§ DATA EXTRACT
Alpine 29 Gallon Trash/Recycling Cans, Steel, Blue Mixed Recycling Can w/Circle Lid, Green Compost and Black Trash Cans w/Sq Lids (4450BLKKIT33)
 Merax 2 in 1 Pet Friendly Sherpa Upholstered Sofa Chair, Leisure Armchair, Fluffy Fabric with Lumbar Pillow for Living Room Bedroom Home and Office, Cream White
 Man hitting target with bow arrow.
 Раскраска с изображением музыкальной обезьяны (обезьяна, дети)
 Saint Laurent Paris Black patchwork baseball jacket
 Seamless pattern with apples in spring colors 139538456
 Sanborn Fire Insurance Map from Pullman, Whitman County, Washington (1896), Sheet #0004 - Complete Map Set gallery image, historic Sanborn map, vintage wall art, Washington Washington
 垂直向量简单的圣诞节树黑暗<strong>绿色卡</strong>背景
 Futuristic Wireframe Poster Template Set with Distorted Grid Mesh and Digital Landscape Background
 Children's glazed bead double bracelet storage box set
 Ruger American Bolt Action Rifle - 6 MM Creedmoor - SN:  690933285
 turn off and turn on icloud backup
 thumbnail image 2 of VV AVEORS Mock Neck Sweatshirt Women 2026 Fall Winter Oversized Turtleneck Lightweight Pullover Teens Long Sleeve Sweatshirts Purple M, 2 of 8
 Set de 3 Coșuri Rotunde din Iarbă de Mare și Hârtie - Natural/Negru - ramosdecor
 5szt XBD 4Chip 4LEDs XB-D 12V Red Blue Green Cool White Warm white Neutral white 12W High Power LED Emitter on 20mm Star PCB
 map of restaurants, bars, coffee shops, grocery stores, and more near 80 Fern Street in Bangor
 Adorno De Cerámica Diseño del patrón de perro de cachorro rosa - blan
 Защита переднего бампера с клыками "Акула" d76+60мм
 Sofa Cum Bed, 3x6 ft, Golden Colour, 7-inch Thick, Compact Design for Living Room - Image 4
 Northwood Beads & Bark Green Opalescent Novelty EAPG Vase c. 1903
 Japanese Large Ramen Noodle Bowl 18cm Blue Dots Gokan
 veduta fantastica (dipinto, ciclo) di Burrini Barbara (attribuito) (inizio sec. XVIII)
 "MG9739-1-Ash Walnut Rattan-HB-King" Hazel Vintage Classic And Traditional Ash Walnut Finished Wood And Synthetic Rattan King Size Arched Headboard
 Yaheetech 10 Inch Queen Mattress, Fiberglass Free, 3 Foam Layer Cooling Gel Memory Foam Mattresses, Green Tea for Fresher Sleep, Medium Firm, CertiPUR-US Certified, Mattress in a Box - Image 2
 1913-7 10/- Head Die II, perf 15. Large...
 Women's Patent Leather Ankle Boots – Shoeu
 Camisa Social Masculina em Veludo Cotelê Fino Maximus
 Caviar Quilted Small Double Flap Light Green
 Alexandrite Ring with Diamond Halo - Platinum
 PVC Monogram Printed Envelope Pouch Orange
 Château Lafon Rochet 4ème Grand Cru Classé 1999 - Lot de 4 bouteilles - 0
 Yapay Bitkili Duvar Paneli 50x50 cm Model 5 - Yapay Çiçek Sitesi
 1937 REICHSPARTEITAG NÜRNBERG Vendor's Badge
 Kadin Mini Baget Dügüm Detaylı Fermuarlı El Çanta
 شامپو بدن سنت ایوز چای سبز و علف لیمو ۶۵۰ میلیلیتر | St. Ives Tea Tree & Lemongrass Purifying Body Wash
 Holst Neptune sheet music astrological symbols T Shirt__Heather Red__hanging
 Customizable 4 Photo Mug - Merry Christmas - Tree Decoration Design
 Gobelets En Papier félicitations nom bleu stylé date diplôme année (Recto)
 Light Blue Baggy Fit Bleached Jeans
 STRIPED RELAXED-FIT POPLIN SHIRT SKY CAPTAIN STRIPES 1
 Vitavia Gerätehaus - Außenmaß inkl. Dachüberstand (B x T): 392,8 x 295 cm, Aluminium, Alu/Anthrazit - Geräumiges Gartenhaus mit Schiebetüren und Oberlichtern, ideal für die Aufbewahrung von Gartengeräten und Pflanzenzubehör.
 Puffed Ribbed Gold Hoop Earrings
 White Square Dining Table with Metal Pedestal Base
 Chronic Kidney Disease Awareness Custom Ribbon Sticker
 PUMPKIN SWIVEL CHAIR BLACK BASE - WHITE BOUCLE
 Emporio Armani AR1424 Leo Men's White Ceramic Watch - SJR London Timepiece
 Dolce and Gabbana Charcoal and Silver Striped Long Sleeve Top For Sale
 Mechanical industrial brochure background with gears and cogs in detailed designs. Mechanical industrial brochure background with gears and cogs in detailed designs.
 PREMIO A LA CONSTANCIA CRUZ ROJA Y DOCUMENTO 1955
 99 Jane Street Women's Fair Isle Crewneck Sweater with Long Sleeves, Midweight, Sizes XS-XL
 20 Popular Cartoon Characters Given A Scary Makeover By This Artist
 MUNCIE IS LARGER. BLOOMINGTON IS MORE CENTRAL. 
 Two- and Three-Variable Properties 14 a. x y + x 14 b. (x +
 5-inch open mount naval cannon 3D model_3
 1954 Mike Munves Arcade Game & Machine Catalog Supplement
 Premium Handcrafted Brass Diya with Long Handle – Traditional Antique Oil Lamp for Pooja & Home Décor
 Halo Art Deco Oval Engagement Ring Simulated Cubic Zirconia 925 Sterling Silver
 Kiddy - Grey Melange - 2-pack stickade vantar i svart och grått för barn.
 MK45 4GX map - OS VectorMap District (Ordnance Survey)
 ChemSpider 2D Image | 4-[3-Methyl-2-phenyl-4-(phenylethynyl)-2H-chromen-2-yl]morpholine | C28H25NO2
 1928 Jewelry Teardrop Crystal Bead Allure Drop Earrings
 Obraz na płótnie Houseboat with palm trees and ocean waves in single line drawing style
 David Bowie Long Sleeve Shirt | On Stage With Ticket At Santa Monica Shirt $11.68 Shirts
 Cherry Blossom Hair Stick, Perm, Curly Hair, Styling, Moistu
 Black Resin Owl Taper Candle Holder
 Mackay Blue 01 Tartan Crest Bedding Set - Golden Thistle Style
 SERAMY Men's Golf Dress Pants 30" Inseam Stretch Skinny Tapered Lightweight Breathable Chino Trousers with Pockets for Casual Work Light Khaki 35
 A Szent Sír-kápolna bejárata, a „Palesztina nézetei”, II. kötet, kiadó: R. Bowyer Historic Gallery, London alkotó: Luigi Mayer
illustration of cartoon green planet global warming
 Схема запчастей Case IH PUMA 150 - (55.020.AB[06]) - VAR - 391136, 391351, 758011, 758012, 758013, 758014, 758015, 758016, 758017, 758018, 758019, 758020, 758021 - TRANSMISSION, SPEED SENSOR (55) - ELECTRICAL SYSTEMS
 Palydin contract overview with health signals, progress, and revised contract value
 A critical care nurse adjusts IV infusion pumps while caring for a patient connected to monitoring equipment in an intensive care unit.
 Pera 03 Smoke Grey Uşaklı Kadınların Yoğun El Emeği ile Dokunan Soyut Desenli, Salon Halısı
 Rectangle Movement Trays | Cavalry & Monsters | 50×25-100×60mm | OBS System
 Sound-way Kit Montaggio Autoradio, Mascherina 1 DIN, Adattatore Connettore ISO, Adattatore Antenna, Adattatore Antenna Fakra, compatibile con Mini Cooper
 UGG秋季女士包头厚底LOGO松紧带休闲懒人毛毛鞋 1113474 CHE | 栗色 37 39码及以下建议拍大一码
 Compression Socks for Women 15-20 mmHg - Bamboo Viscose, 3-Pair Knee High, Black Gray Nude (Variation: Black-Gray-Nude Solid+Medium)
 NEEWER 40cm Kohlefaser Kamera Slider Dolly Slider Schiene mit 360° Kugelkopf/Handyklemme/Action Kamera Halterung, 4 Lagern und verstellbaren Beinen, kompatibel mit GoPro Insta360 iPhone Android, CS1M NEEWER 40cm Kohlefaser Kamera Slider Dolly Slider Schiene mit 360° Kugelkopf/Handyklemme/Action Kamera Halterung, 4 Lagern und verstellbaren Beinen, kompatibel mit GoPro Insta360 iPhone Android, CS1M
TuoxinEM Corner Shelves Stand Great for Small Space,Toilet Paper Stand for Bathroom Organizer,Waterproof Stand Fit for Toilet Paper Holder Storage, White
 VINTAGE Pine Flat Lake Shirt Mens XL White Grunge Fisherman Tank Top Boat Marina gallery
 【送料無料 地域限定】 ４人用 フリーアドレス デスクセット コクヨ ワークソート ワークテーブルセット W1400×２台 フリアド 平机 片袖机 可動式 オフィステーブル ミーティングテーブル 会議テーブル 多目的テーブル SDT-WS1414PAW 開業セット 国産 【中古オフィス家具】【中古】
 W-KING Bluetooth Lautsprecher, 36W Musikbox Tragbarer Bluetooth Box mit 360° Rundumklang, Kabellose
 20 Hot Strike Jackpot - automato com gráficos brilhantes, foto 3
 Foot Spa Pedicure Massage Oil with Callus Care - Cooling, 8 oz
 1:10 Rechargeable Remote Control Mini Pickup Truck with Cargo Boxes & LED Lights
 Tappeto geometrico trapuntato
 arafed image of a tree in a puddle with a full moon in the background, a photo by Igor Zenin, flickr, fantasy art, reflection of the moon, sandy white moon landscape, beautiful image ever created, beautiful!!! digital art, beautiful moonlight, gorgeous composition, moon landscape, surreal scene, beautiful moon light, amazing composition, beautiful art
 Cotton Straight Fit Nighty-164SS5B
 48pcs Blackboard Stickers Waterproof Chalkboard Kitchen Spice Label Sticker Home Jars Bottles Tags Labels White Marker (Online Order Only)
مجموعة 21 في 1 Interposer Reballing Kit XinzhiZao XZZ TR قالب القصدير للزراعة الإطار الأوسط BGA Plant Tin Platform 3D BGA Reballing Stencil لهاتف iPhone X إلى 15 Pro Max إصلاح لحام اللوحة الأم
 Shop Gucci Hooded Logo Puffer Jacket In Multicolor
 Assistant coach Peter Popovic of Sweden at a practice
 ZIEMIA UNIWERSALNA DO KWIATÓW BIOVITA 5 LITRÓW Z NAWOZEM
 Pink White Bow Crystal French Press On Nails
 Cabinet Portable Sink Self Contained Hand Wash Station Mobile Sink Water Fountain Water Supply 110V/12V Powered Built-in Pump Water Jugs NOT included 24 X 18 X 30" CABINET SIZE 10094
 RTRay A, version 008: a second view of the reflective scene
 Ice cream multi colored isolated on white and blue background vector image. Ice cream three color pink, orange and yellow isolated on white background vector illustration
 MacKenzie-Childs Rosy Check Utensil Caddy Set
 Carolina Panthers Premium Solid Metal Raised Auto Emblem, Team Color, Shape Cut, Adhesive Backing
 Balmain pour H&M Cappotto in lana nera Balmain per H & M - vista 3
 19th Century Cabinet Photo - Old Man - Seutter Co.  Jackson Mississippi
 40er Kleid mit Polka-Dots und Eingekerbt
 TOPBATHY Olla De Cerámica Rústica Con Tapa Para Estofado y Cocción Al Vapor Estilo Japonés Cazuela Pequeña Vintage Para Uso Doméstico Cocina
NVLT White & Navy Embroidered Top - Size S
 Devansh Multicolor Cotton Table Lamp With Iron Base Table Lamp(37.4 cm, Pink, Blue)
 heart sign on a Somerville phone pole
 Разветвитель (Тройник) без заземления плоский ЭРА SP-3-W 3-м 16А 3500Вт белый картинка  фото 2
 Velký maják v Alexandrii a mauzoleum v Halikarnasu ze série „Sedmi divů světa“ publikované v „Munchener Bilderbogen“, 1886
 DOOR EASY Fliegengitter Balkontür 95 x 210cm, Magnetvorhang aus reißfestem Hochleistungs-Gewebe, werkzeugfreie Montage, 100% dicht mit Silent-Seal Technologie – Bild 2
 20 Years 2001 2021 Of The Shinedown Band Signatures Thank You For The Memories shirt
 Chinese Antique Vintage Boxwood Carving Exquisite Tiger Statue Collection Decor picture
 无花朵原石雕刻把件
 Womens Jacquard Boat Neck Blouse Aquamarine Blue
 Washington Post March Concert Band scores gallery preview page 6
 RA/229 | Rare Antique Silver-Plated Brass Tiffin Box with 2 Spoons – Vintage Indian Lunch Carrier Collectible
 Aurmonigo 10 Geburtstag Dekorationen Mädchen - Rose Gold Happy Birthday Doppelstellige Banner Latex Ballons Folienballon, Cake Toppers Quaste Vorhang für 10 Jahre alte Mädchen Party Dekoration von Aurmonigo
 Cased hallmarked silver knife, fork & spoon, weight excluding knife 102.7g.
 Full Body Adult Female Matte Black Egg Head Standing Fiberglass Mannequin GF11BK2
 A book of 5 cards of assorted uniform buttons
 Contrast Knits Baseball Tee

§ REQUIREMENT
From the first line of the listing above to the line with "Children's glazed bead", please transcribe each line exactly, both ends included, and nothing beyond that.

§ ANSWER FOR THIS EXERCISE
Alpine 29 Gallon Trash/Recycling Cans, Steel, Blue Mixed Recycling Can w/Circle Lid, Green Compost and Black Trash Cans w/Sq Lids (4450BLKKIT33)
 Merax 2 in 1 Pet Friendly Sherpa Upholstered Sofa Chair, Leisure Armchair, Fluffy Fabric with Lumbar Pillow for Living Room Bedroom Home and Office, Cream White
 Man hitting target with bow arrow.
 Раскраска с изображением музыкальной обезьяны (обезьяна, дети)
 Saint Laurent Paris Black patchwork baseball jacket
 Seamless pattern with apples in spring colors 139538456
 Sanborn Fire Insurance Map from Pullman, Whitman County, Washington (1896), Sheet #0004 - Complete Map Set gallery image, historic Sanborn map, vintage wall art, Washington Washington
 垂直向量简单的圣诞节树黑暗<strong>绿色卡</strong>背景
 Futuristic Wireframe Poster Template Set with Distorted Grid Mesh and Digital Landscape Background
 Children's glazed bead double bracelet storage box set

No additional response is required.